Ok enough of my pushing of products but thanks


----------



## Grbauc (Dec 13, 2012)

Just made me first Car carrier trailer and rack for the Truck.. Im going to make several more for my upcoming loading rack layout for Autorack trains. 

[URL="







[/URL]

[URL="







[/URL]

I picked these trucks up at the train show for $2 dollars each i got 12 different types.. :laugh:
I'll take that deal any day!!!


----------



## Big Ed (Jun 16, 2009)

Wow you scratch built that trailer? :thumbsup:


----------



## Cooder Mac (Dec 18, 2012)

Looking good.....someday I'll have a static grass applicator...love that look on a layout!


----------



## tjcruiser (Jan 10, 2010)

The dry riverbed (1st pic in post 9) looks spectacular ... very, very realistic.

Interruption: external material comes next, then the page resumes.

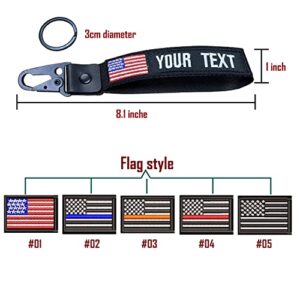 QJS PATCH Customzied Keychain,Personalized Key Tag Embroidery USA Flag Name with Key Ring Car Key Chain Clip Nylon Webbing Buckle for key,Tactical Backpack,Motorcycle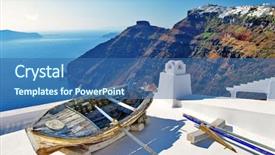  Presentation with view of the old port - Cool new presentation theme with santorini - view with old boat backdrop and a  colored foreground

Nice work!

TJ


----------



## coupman35 (Dec 9, 2012)

woo that it one nice set up you have and you do nice work Keep pic coming .


----------



## Televue101 (Dec 30, 2012)

Looking good, can't wait too see more.


----------



## Grbauc (Dec 13, 2012)

Thanks i going to get some updates on my layout soon...
The Trailer was a kit from A-Line it runs about 20$ and after you make one there pretty easy i working on some more and am going to see if i can tweak them a bit and do some weathering on the paint..

the static grass is awesome i love it..

You can make them yourself there are plans for making them from floating around on the net.. 
The one i bought a guys makes in Oregon i think for half the price of the major manufactures..

Thanks all for the complements.... I get a lot of my idea's from looking at all your guys work..


----------